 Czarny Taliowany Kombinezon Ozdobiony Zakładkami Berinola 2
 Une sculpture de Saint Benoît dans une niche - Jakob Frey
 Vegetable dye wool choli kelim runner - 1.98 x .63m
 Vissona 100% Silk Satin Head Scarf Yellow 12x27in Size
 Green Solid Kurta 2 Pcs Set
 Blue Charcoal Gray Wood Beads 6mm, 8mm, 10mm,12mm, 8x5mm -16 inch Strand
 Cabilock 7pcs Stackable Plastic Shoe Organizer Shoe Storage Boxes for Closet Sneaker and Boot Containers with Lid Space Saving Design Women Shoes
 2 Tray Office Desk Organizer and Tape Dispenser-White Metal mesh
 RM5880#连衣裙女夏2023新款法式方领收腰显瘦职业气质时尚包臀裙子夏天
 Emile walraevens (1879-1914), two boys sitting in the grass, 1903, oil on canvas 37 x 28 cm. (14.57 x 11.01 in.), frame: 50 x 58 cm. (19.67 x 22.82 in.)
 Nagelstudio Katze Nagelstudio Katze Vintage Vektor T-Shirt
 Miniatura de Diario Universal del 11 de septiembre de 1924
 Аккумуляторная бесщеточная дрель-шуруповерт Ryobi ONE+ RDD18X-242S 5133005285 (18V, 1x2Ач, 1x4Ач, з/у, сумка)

* WHAT YOU HAVE TO DO: Scan the records for the word "Organizer", and copy each line where it is found.

* THE COMPLETED TASK:
 Cabilock 7pcs Stackable Plastic Shoe Organizer Shoe Storage Boxes for Closet Sneaker and Boot Containers with Lid Space Saving Design Women Shoes
 2 Tray Office Desk Organizer and Tape Dispenser-White Metal mesh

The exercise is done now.